Desnudas, topless Times Square women, spark debate over street performers

Desnudas, topless Times Square women, spark debate over street performers



When the bare breasts come out in Manhattan's carnivalesque Times Square, the reactions never fail.
Tourists gawk. Necks crane. Smartphone cameras snap away. 
But one response the "painted-lady"
 entertainers of New York didn't expect? A debate about whether their semi-nude solicitations for tips might imperil the city's most popular pedestrian thoroughfare.
Following an outcry this summer over the women's stark appearances as well as complaints about harassment by costumed characters, Mayor Bill de Blasio recently proposed ripping up the Times Square plazas, which are frequented by an estimated 400,000 pedestrians a day.

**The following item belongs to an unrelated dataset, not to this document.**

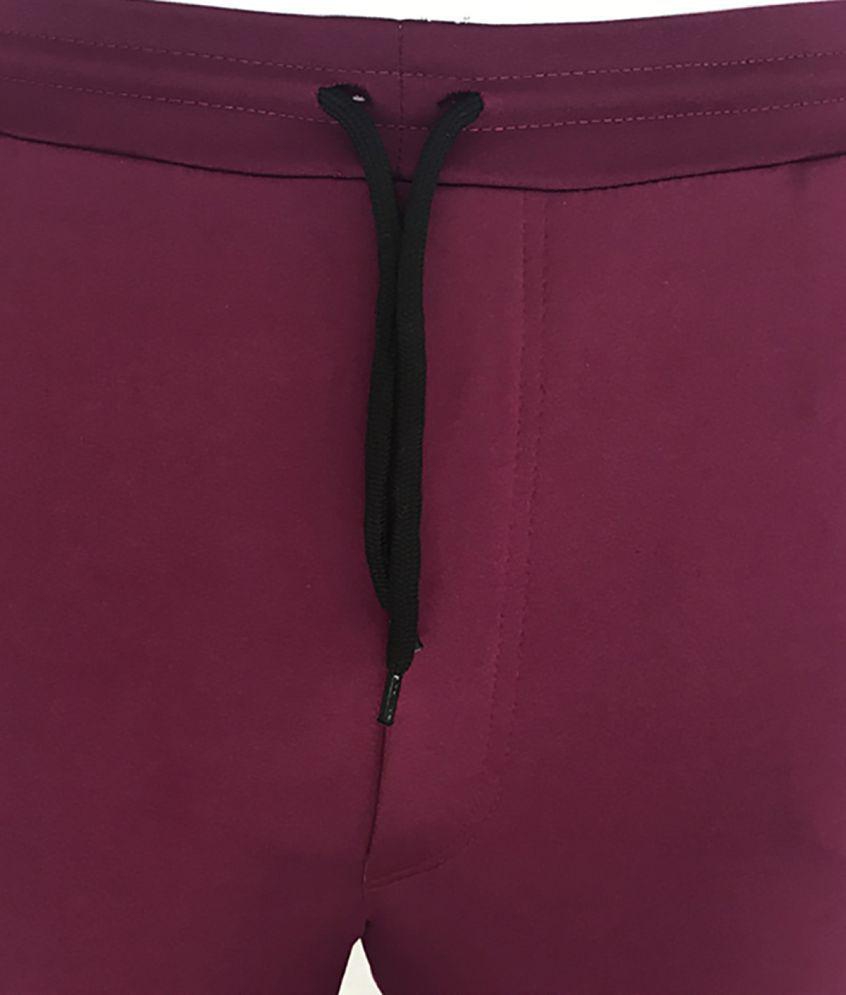 Forbro - Maroon Cotton Blend Men's Trackpants ( Pack of 1 ) - L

"It's wrong. It's wrong," de Blasio told CBS News about the thong-wearing models, who, like the area's ubiquitous cartoon mascots, earn tips in exchange for appearing in photos.This situation is going to change. This is what I'll guarantee you, I'm not going to tolerate it."

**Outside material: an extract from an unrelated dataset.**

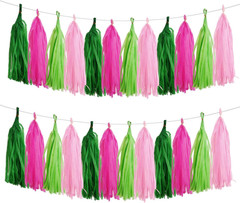 Navy Blue and Light Blue Tissue Paper Tassel(3 Colors),Paper Tassel Garland Bann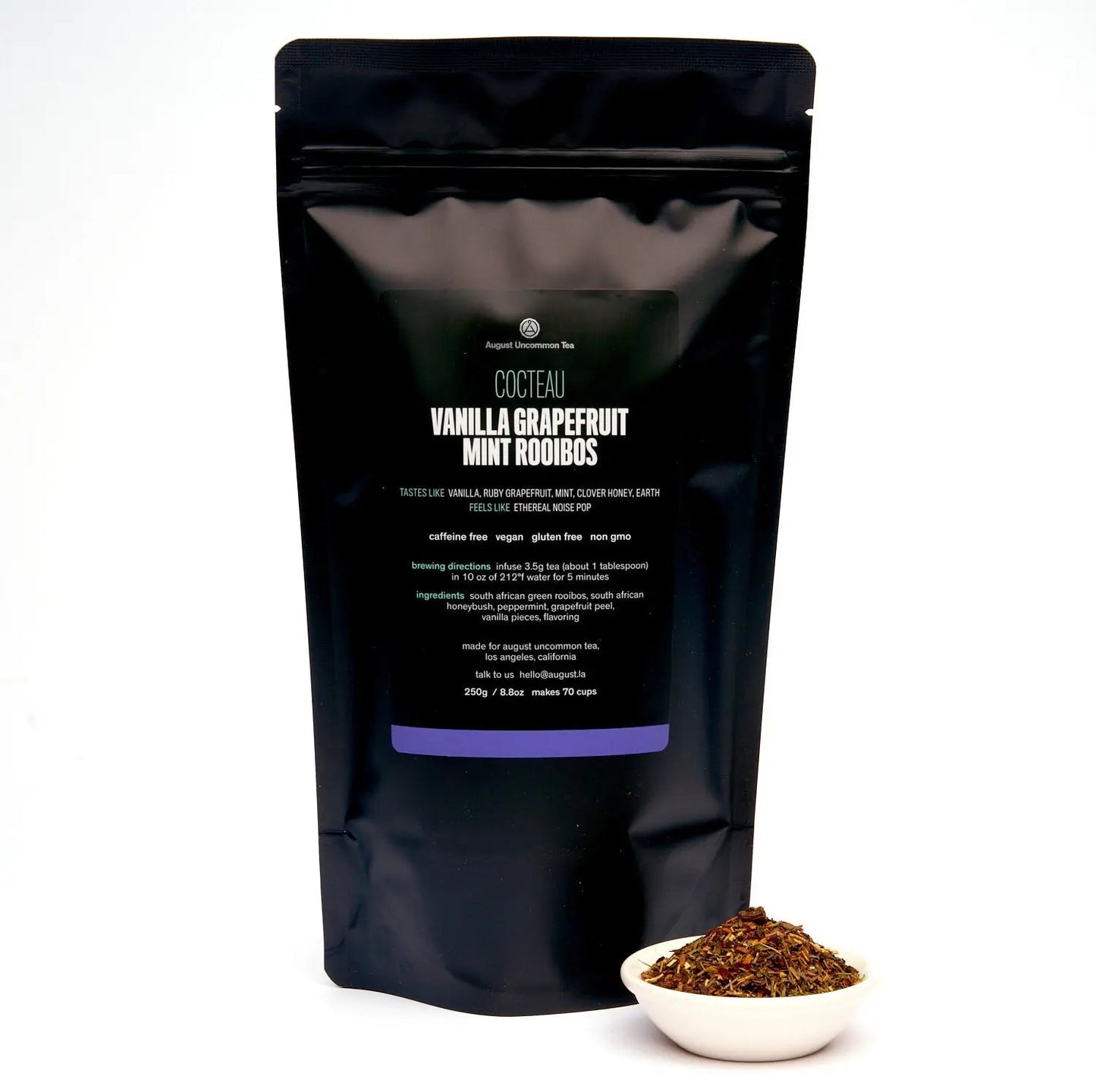 Cocteau | Vanilla Grapefruit Mint Rooibos Tea | (Caffeine Free)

De Blasio has commissioned a task force to weigh proposals by Oct. 1 to crack down on Times Square hustlers and street performers who hassle tourists. 

Police commissioner Bill Bratton has already voiced his opinion of what needs to be done to restore the landmark to his idea of a more family-friendly attraction.

"I'd prefer to just dig the whole damn thing up and put it back the way it was," he told a local CBS affiliate.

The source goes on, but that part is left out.